Having created a sensation wherever it has already played ( including the Guthrie Theater in Minneapolis ) , ... And Then There's Bea, With Her Friend Billy Goldenberg at the Piano, promises to be a brilliant and bawdy evening of musical theater and comedy starring Emmy and Tony Award-winning actress and performer Bea Arthur. [ Runs May 22-31 at the Park West, 312-902-1500. ] Ms. Arthur, who won over Chicago audiences with her memorable performance as Mrs. Draper in Strike Up The Band during the winter of 2000, returns to town to entertain in her own distinctive and delightful style.
Gregg Shapiro: Last year when we spoke, it was just prior to your appearance in the Ovations! production of Strike Up The Band. Can you please tell me something about that experience?
Bea Arthur: It was wonderful. I enjoyed it enormously.
GS: Now you are in Chicago to perform ... And Then There's Bea with Billy Goldenberg. Can you please tell me about this show?
BA: We had been toying with the idea of doing it for about three years. He'd be off doing something. I'd be off doing something. Finally, we got together and said, Hey, let's really do it. We tried it out a number of times. At the end of last summer, we tried it out for three nights in Westport, Conn., at the White Barn Theater. Then we did more work on it and took it up to the Great Waters Festival in New Hampshire for one night. That's when we decided that we're really going to do it. We got ourselves a producer and we have a company and we opened in Minneapolis on the 24th ( of April ) . We're getting ready to tour until Christmas. Then, God willing, Broadway in 2002.
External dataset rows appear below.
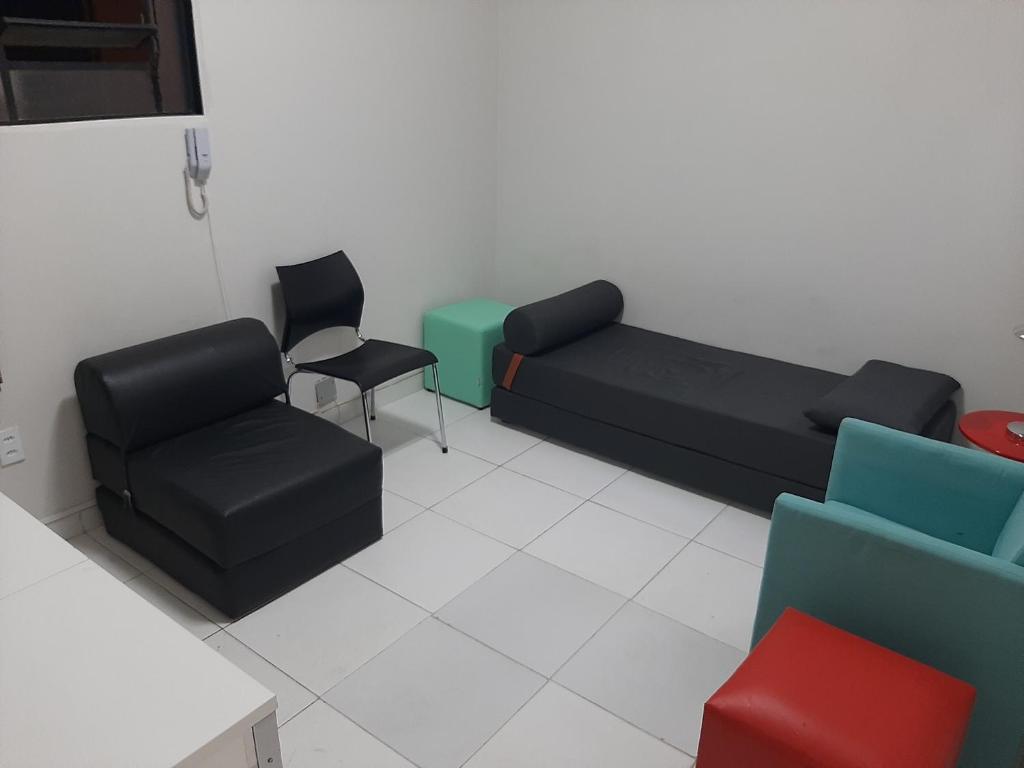  Apartamento Dois quartos Perto UNB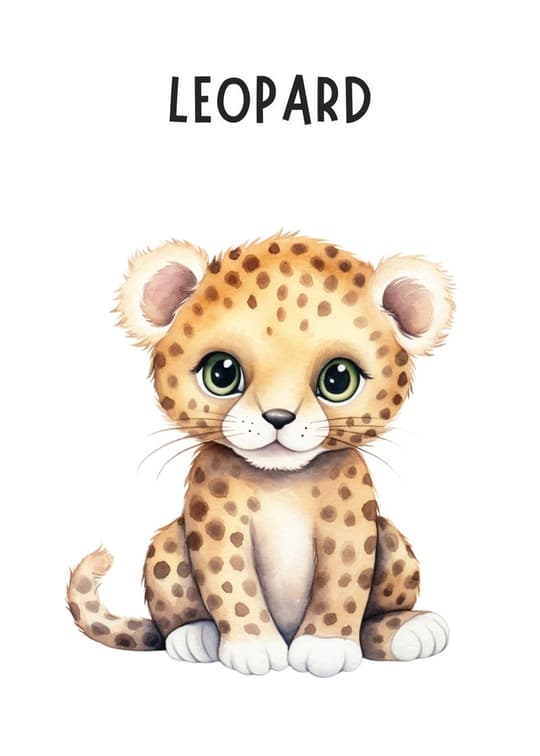Leopard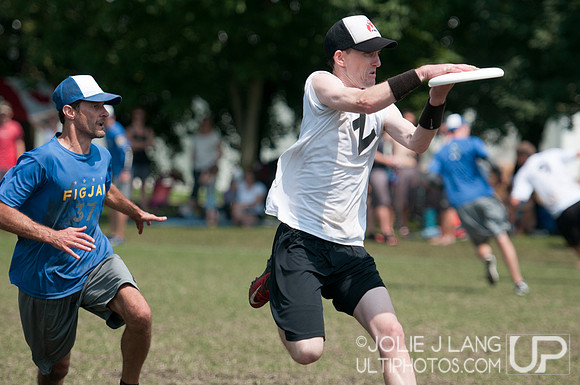 WUCC 2014 - Day 6
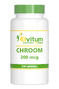 Elvitum Chroom Tabletten 250TB 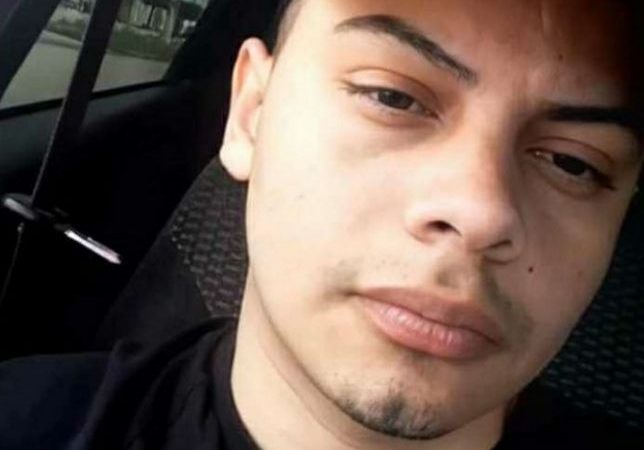 Após postar despedida, jovem morre en acidente entre carro e carreta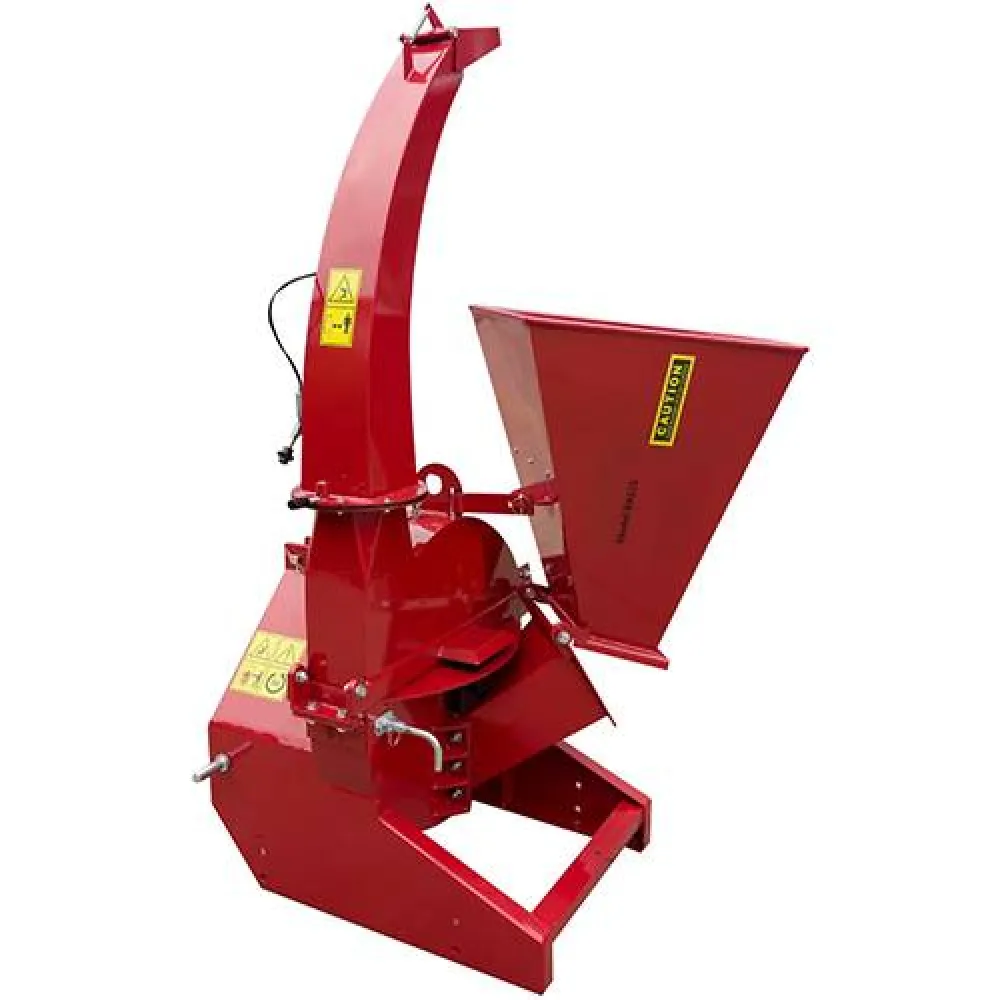 Tocator de crengi BX-62S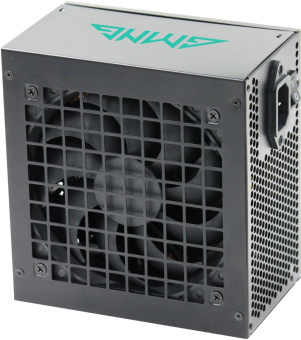 Блок питания GMNG ATX 700W GG-PS700 80+ (20+4pin) APFC 120mm fan 6xSATA RTL от магазина РЭССИ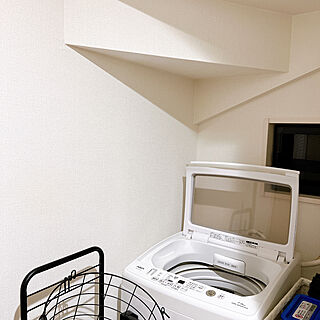 階段下洗面所/バス/トイレのインテリア実例 - 2022-10-10 19:30:23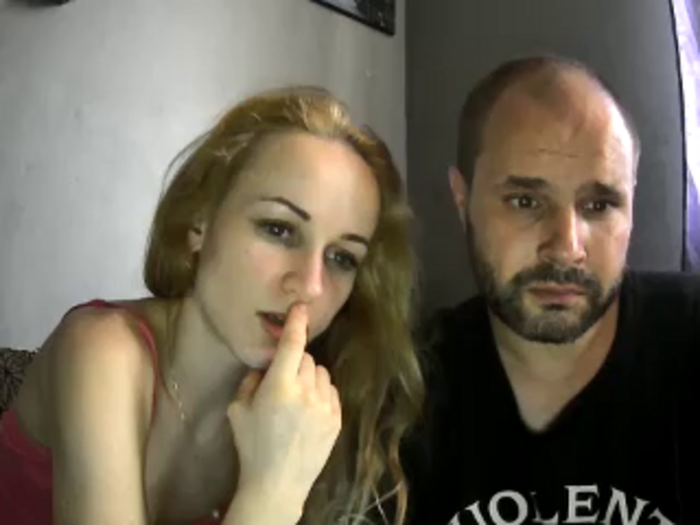 SexyBlondVlk
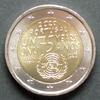 Portugal 2 Euro S.Neu / BiMe / 75 Jahre UNO -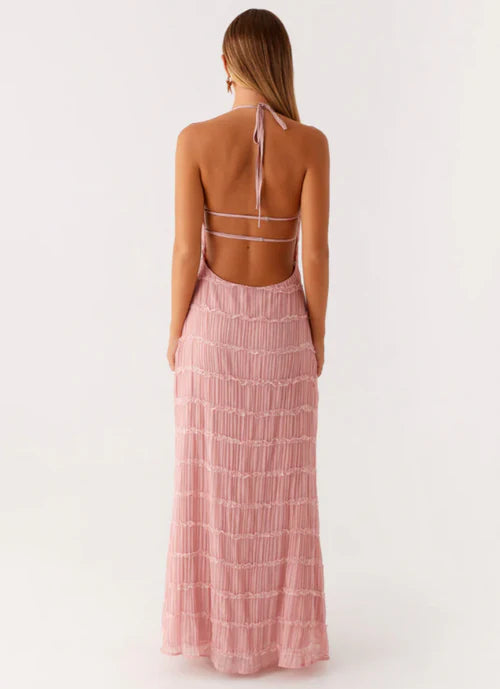 Veloria - Robe Emelyne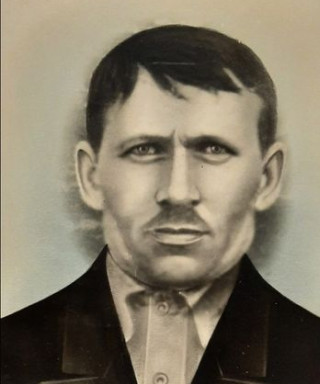 Полывянный Николай Иосипович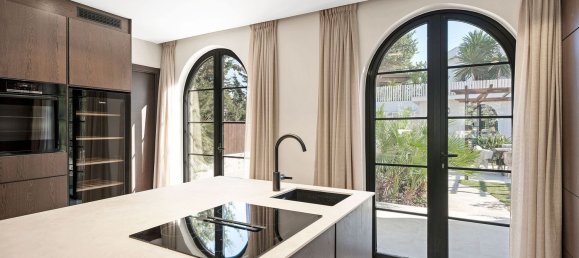 4 Schlafzimmer Haus in Marbella, Spain, Nr. 111153 48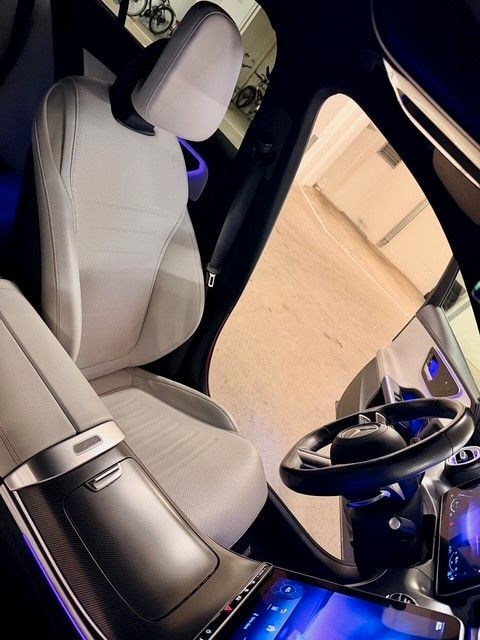 Mercedes-Benz C 300 2022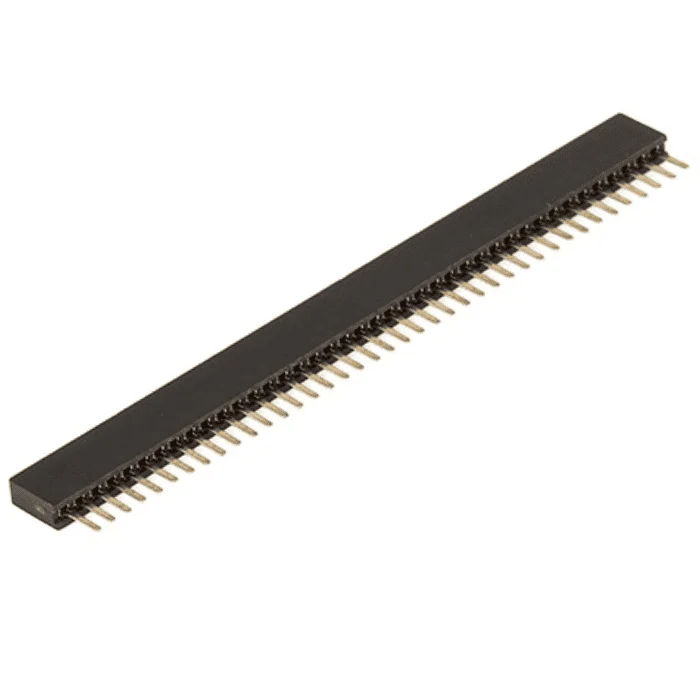 40x1 Female Berg Strip - Image 5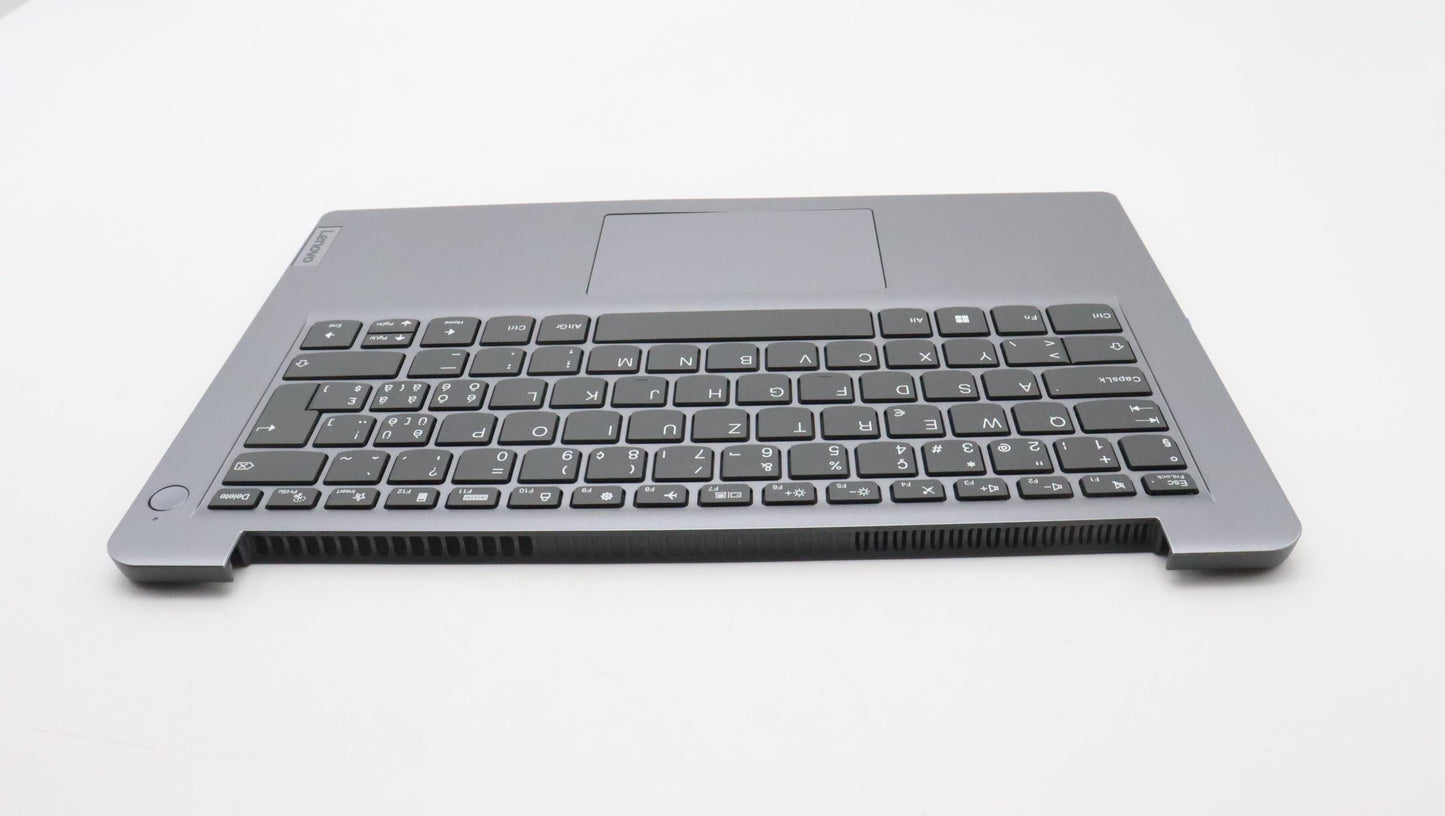 Lenovo Cover Upper Case Asmsws L82Rj - 5CB1H56955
GS: So the reaction to the show has been good?
BA: Fabulous! Absolutely fabulous. Of course, Minneapolis is such a wild theater town anyway. We did it at the Guthrie theater, which was wonderful. Of course, I'm definitely looking forward to Chicago again. Talk about a theater town.
GS: Can you please tell me something about the material?
BA: I don't really know how to describe it, except I like to think of it as Barbara Cook meets Redd Foxx. What I mean by that is that we do some wonderful, wonderful music, and a lot of it is fairly ribald. It is not autobiographical, I will say that. We tried to stay away from ( that ) . There is an occasional amusing anecdote and a couple of stories. I think it's a lovely evening. Knock wood.
GS: How did you first become acquainted with your "friend and pianist" Billy Goldenberg?
BA: I think it was in 1981. Marilyn and Allan Bergman did an evening at the Dorothy Chandler ( Pavilion ) , in L.A., for the benefit of the American Civil Liberties Union. Instead of doing the usual, which lyricists do, they have a pianist there and they say, "And then we wrote...," and then they sing it. They got their favorite performers together - the list was wonderful...it included Streisand. They had each performer do a number of songs that they had written. And they had the composer, for each of the segments, conduct that particular segment. Billy had done Queen Of The Stardust Ballroom with them. I did three of the numbers from that show and we just became very fast friends.
GS: It sounds wonderful. Are there plans to record the show and release it on CD?
BA: Possibly. We haven't even thought of that. All we're really concentrating on now is working on it and refining it. We learn a little something from every place we play.
GS: Rufus Wainwright, the son of singer/songwriters Loudon Wainwright III and Kate McGarrigle, has immortalized in you in the song "California" on his new album Poses. Were you aware of that?
BA: No ( laughs ) . Does he say something nice?
GS: It's actually very sweet. The song is full of all of these pop culture references, included the television show Rhoda. The line from "California," that refers to you, goes, "I don't know this sea of neon/Thousand surfers, whiffs of freon/And my new grandma Bea Arthur /Come on over."
BA: Oh. Okay ( laughs ) . That's lovely.